Acorn
- Author: Yoko Ono
- Language: English
- Genre: Artist's book
- Publisher: Algonquin Books
- Publication date: 2013
- ISBN: 978-1-939293-23-7
- Preceded by: Grapefruit

= Acorn (book) =

2013 artist's book by Yoko Ono

Acorn is an artist's book written by Yoko Ono published in 2013 by Algonquin Books as a follow-up to her Grapefruit book of conceptual art. It is ISBN 978-1-939293-23-7 (paperback), ISBN 978-1-939293-24-4 (ebook).

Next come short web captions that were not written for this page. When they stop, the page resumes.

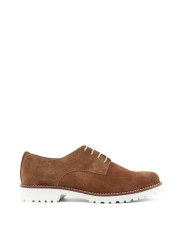 Braune Wildlederschuhe mit weißer Sohle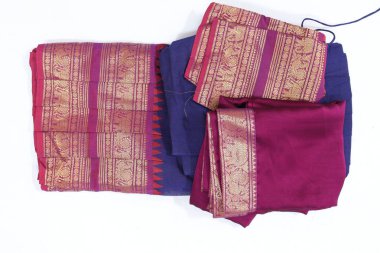 Hint Geleneksel El Yapımı Yarım Sari Beyaz Arkaplanda İzole Edildi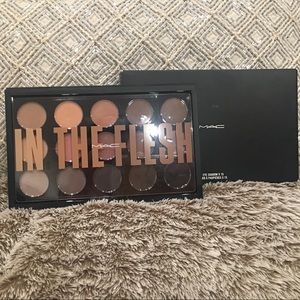 New Mac In The Flesh Palette 15 Eyeshadows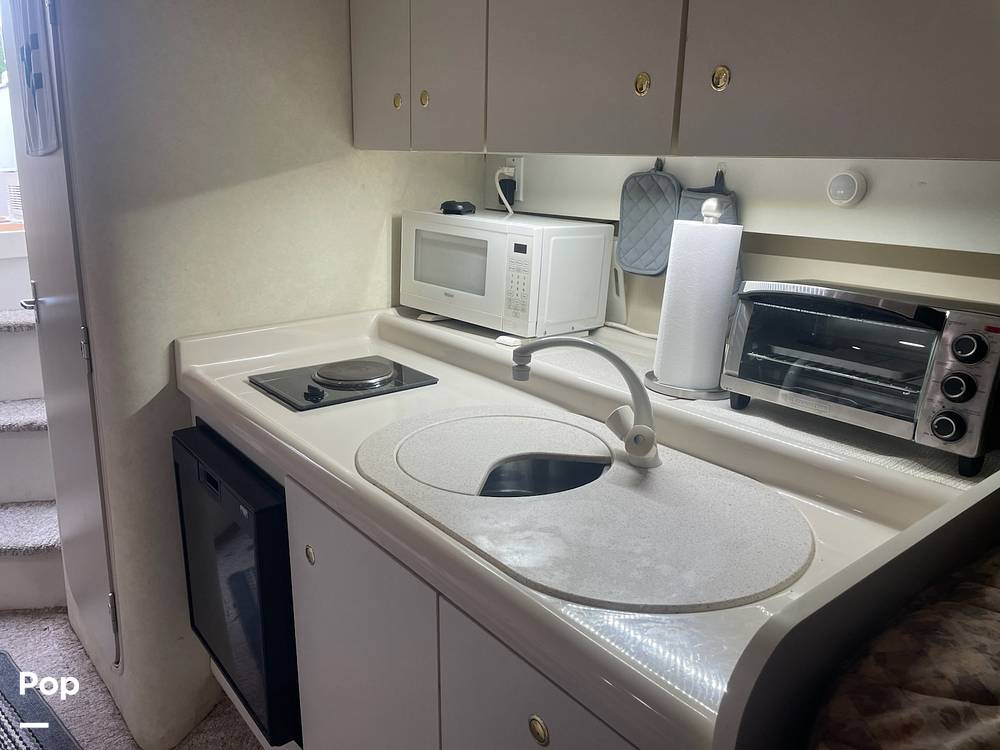 Slide: The Image of Cruisers Yachts 3075 Rogue 1998 - 15754146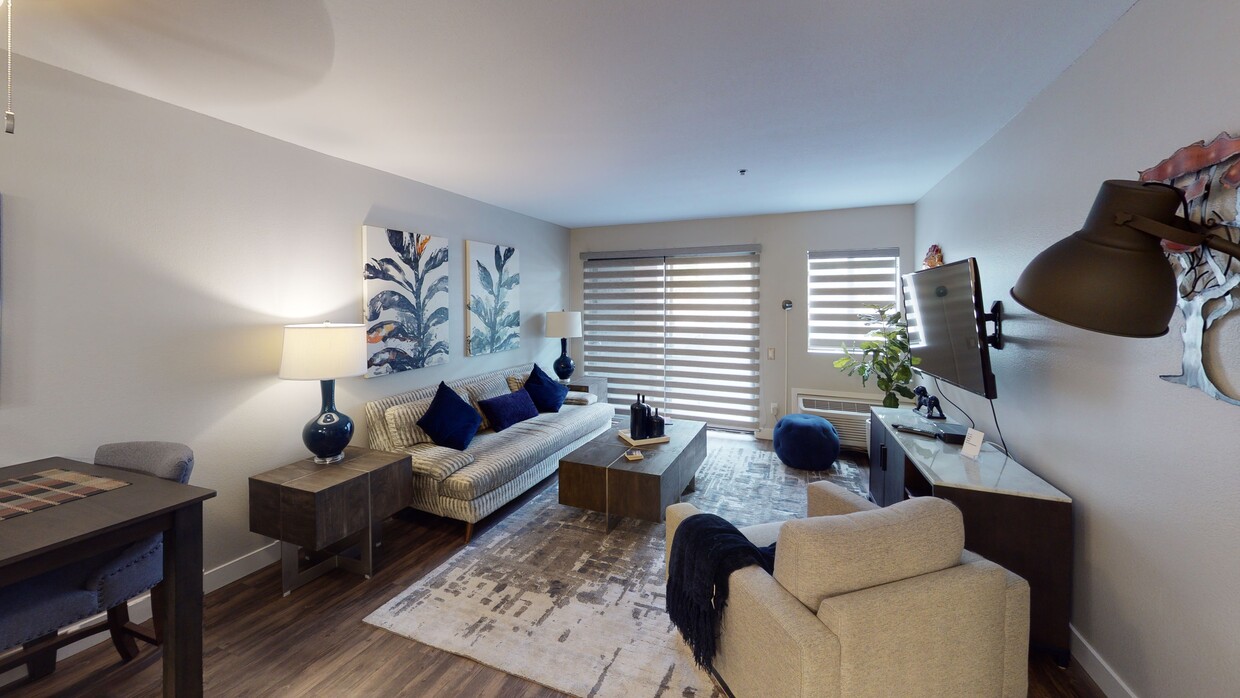 3D Tour - 600 Front Apartments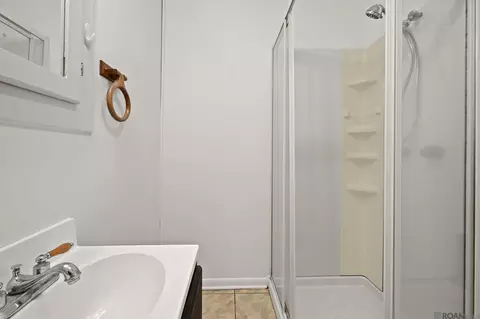 Bath - 1725 Cedar Ave, Jackson, LA 70748 photo 2 of 2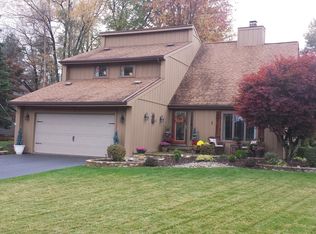 1 Goldfinch Ct, Amherst, NY 14228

Yoko Ono's Dance Piece III page spread from Acorn

The book gathers together 100 brief thought experiments. Ono illustrates each proposal with pointillist "dot drawings".

==Background==
Ono created the concept for the book in 1996, when she was experimenting with digital art. It was inspired by a 1969 Fluxus by Plastic Ono Band, a group Ono and John Lennon were members of, in which they had planted acorns at Coventry Cathedral for peace. Subsequently, they mailed other acorns to world leaders with a note: "Enclosed in this package we are sending you two living sculptures—which are acorns—in the hope that you will plant them in your garden and grow two oak-trees for world peace."